Eindringlich gestalteten Zoltán Nyári und Gun-Brit Barkmin von Beginn an diese innere Zerrissenheit der beiden Liebenden und bewältigten die stimmlichen Kraftakte zum Großteil beeindruckend. Obwohl im ersten Aufzug von deutlicher Premierennervosität gezeichnet, steigerte sich Nyáris Portrait des Helden kontinuierlich, bis er schließlich seinem metallisch stählernen Heldentenor gänzlich freien Lauf lassen konnte. Sämtlichen Orchester- und Gefühlswogen trotzend umschiffte er Höhen wie Tiefen bombensicher, wobei mir in seinem Timbre neben allen heldischen Qualitäten eine Spur zu wenig Wärme mitschwang. Je wahnsinniger Tristan wurde, desto mehr schien sich auch Zoltán Nyári in seinem Element zu bewegen; durchschlagskräftig und ätherisch gleichzeitig malte er den Siechenden und wusste dabei ebenso zu berühren wie zu fesseln. Dass dabei ein paar Töne nicht ganz lupenrein gerieten und der Macht des Moments zum Opfer fielen – angesichts der Leistung den ganzen Abend über ein wirklich zu vernachlässigender Umstand.

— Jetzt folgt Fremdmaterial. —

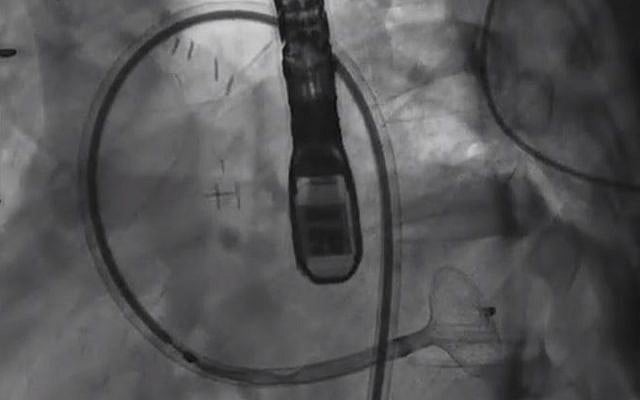 Prof. Victor Guetta, irector of the Invasive and Interventional Cardiology Unit at Sheba Medical Center, plugged a bleeding hole in the artery of a 29-year-old patient using a device that is usually used to unblock arteries (YouTube screenshot) Prof. Victor Guetta, irector of the Invasive and Interventional Cardiology Unit at Sheba Medical Center, plugged a bleeding hole in the artery of a 29-year-old patient using a device that is usually used to unblock arteries (YouTube screenshot)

Ebenfalls zunächst noch vorsichtig begann Gun-Brit Barkmin ihr Rollendebüt als Isolde. Die deutsche Sopranistin verfügt über eine in allen Lagen strömende Stimme, die sie in keiner Sekunde forcieren musste, die nie Gefahr lief, in exponierten Höhen stechend oder in der Tiefe dünn zu werden und mit der sie die Partie mit herrlichen Phrasierungen gestaltete. Obwohl man ihr schon im ersten und zweiten Aufzug stimmlich wirklich nichts vorwerfen konnte, schien sie erst im dritten Aufzug dann wirklich aufzublühen und zu aller vokaler Schönheit noch das Quäntchen Gefühl beizumischen, das zuvor gefehlt hatte. Als wolle sie für den finalen Höhepunkt alle Emotionen bündeln geriet der Liebestod dann wirklich berückend zu einem verklanglichten Stück Ewigkeit.